◆ **Record extracts**

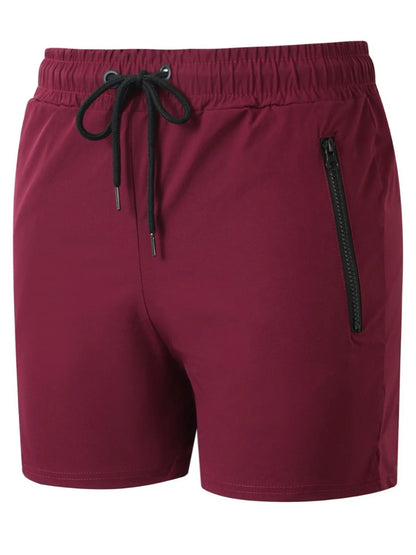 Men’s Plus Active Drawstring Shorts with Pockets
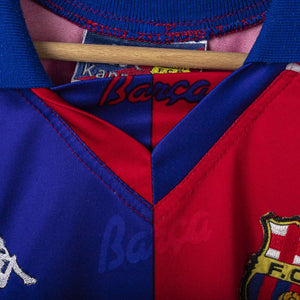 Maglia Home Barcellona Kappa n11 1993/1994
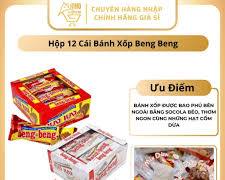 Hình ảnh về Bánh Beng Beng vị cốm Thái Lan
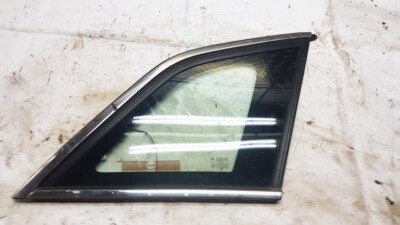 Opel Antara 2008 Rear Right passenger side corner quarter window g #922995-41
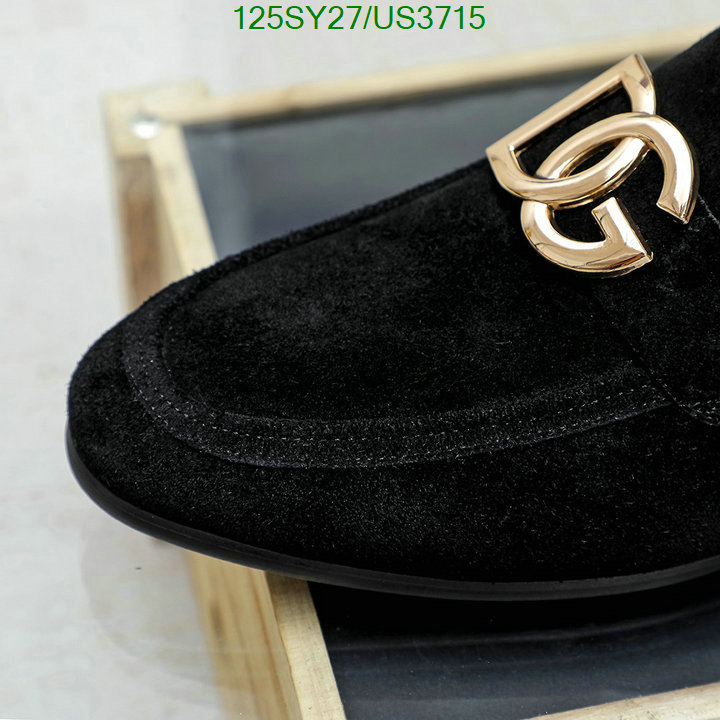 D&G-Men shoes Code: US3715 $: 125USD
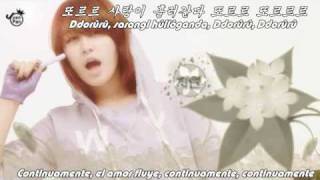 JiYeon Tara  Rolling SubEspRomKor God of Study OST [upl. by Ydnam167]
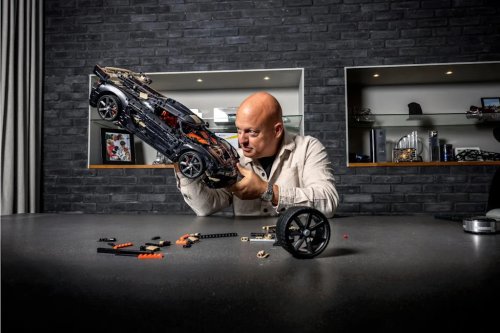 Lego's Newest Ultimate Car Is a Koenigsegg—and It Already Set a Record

---

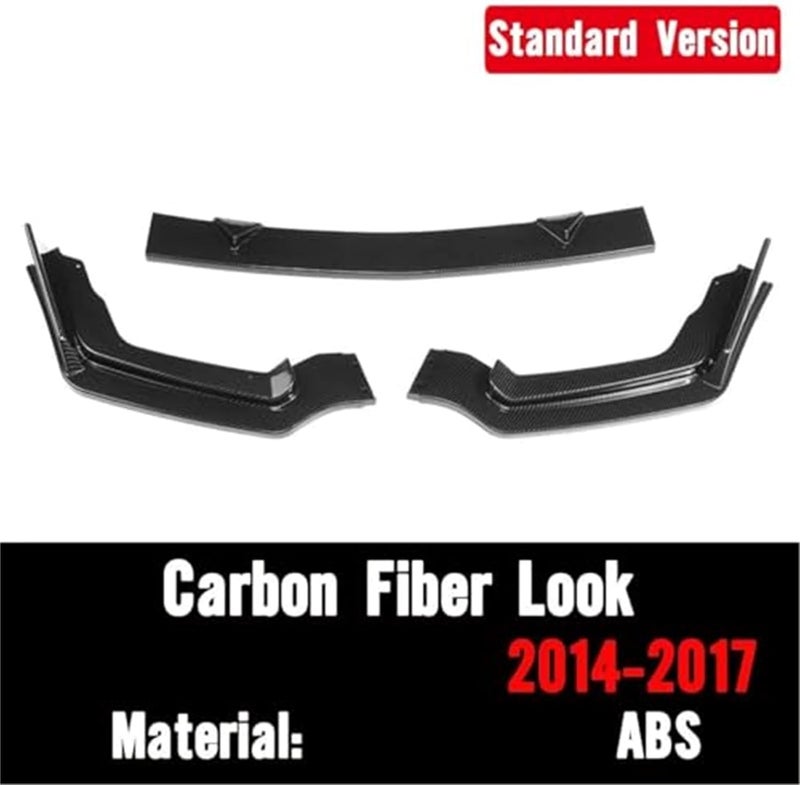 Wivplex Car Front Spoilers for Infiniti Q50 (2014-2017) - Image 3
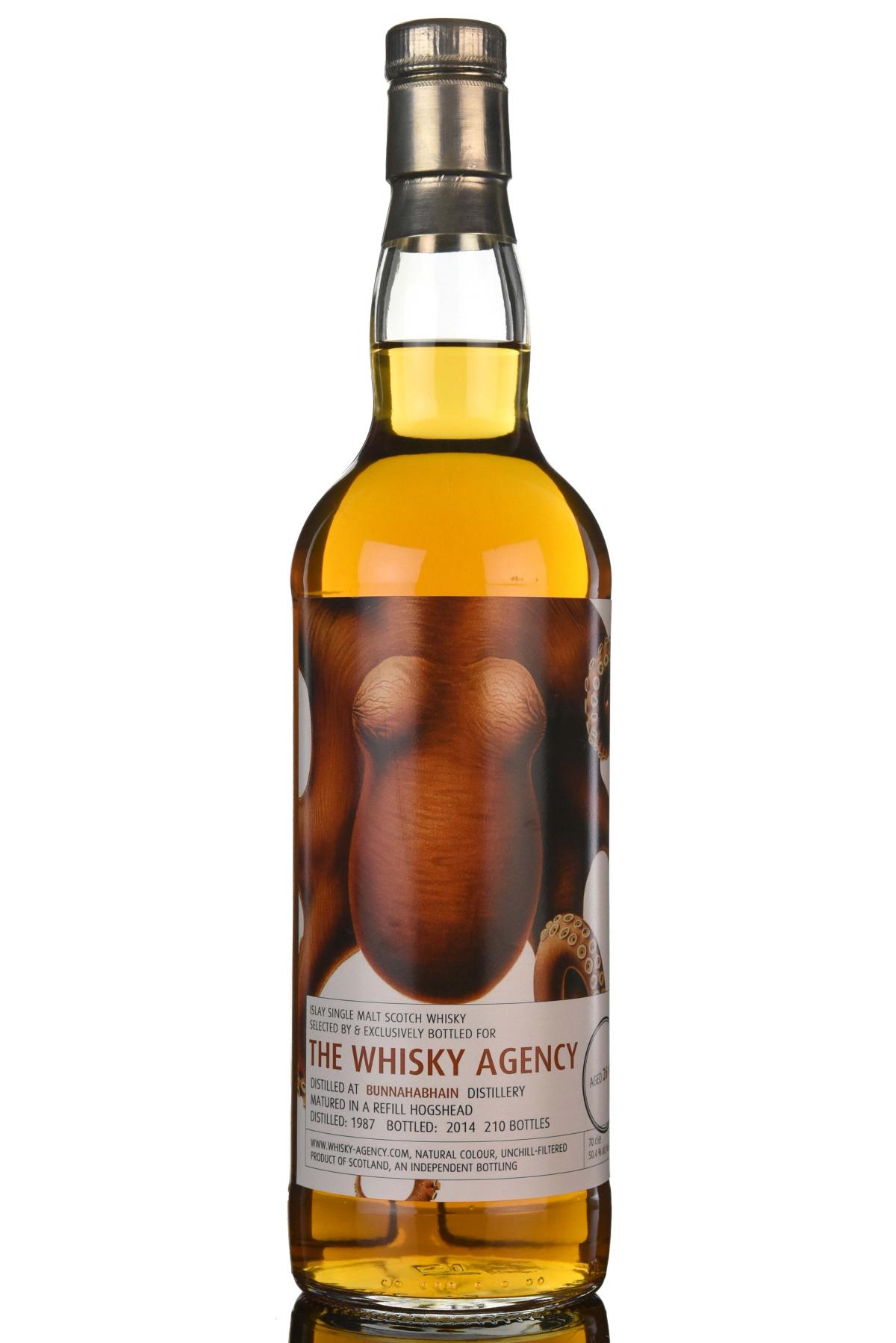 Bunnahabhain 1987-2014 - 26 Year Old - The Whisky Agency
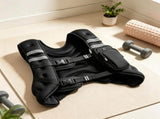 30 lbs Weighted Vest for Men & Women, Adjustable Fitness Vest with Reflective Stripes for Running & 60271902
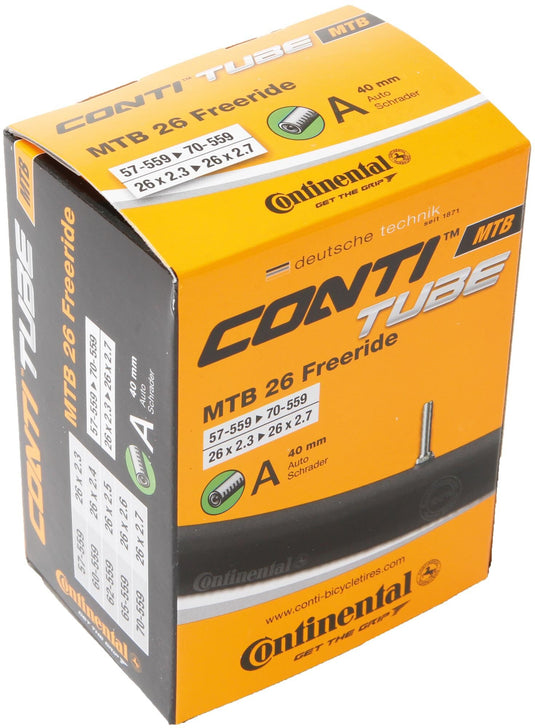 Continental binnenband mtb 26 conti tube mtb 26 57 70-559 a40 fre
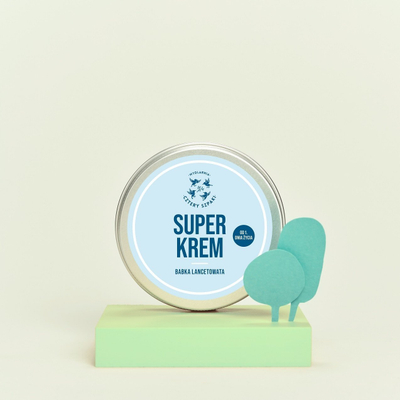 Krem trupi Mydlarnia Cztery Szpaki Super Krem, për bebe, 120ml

◆ **Work item**
Would you copy, word for word, only the lines above from the one containing "D&G-Men shoes Code: US3715 $: 125USD" through the one containing "Lego's Newest Ultimate", both included, and please leave out the pictures?

◆ **Response for this exercise**
 D&G-Men shoes Code: US3715 $: 125USD
 JiYeon Tara  Rolling SubEspRomKor God of Study OST [upl. by Ydnam167]
 Lego's Newest Ultimate Car Is a Koenigsegg—and It Already Set a Record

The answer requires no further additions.